Adds or substracts the values of two float32x4 vectors.

r0 = a0 - b0
r1 = a1 + b1
r2 = a2 - b2
r3 = a3 + b3
  • Not implemented for SSE2.
float64x2 simdpp::sse::sub_add ( float64x2  a,
float64x2  b 
)
inline

Adds or subtracts the values of two float64x2 vectors.

r0 = a0 - b0
r1 = a1 + b1
  • Not implemented for SSE2.
basic_int32x4 simdpp::sse::to_int32x4 ( int8x16  a)
inline

Sign extends the values of a signed int8x16 vector to 32-bits.

r0 = (int32_t) a0
...
r3 = (int32_t) a3
  • In SSE2, SSE3 and SSSE3 this intrinsic results in at least 4 instructions.
basic_int32x4 simdpp::sse::to_int32x4 ( uint8x16  a)
inline

Extends the values of a unsigned int8x16 vector to 32-bits.

r0 = (uint32_t) a0
...
r3 = (uint32_t) a3
  • In SSE2, SSE3 and SSSE3 this intrinsic results in at least 3 instructions.
basic_int32x4 simdpp::sse::to_int32x4 ( float64x2  a)
inline

Converts the values of a float64x2 vector into int32_t representation using truncation.

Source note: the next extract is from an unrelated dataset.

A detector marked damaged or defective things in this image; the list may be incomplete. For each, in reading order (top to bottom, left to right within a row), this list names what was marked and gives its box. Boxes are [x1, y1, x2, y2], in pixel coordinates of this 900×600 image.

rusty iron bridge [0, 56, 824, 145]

If the value can not be represented by int32_t, 0x80000000 is returned

r0 = (int32_t) a0
r1 = (int32_t) a1
r2 = 0
r3 = 0
basic_int32x4 simdpp::sse::to_int32x4_r ( float32x4  a)
inline

Converts the values of a float32x4 vector into signed int32_t representation.

If the value can not be represented by int32_t, 0x80000000 is returned If only inexact conversion can be performed, the current rounding mode is used.

r0 = (int32_t) a0
r1 = (int32_t) a1
r2 = (int32_t) a2
r3 = (int32_t) a3
basic_int32x4 simdpp::sse::to_int32x4_r ( float64x2  a)
inline

Converts the values of a float64x2 vector into int32_t representation.

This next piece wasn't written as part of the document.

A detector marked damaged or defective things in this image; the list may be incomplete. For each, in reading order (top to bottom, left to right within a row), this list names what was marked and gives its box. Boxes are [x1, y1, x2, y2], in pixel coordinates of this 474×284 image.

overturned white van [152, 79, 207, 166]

If the value can not be represented by int32_t, 0x80000000 is returned If only inexact conversion can be performed, it is rounded according to the current rounding mode.

r0 = (int32_t) a0
r1 = (int32_t) a1
r2 = 0
r3 = 0
basic_int64x2 simdpp::sse::to_int64x2 ( int8x16  a)
inline

Sign extends the values of a signed int8x16 vector to 64-bits.

r0 = (int64_t) a0
r1 = (int64_t) a1
  • Not implemented for SSE2, SSE3 and SSSE3.
basic_int64x2 simdpp::sse::to_int64x2 ( int16x8  a)
inline

Sign extends the values of a signed int16x8 vector to 64-bits.

r0 = (int64_t) a0
r1 = (int64_t) a1
  • Not implemented for SSE2, SSE3 and SSSE3.
basic_int64x2 simdpp::sse::to_int64x2 ( uint8x16  a)
inline

Extends the values of a unsigned int8x16 vector to 64-bits.

r0 = (uint64_t) a0
r1 = (uint64_t) a1
  • In SSE2, SSE3 and SSSE3 this intrinsic results in at least 4 instructions.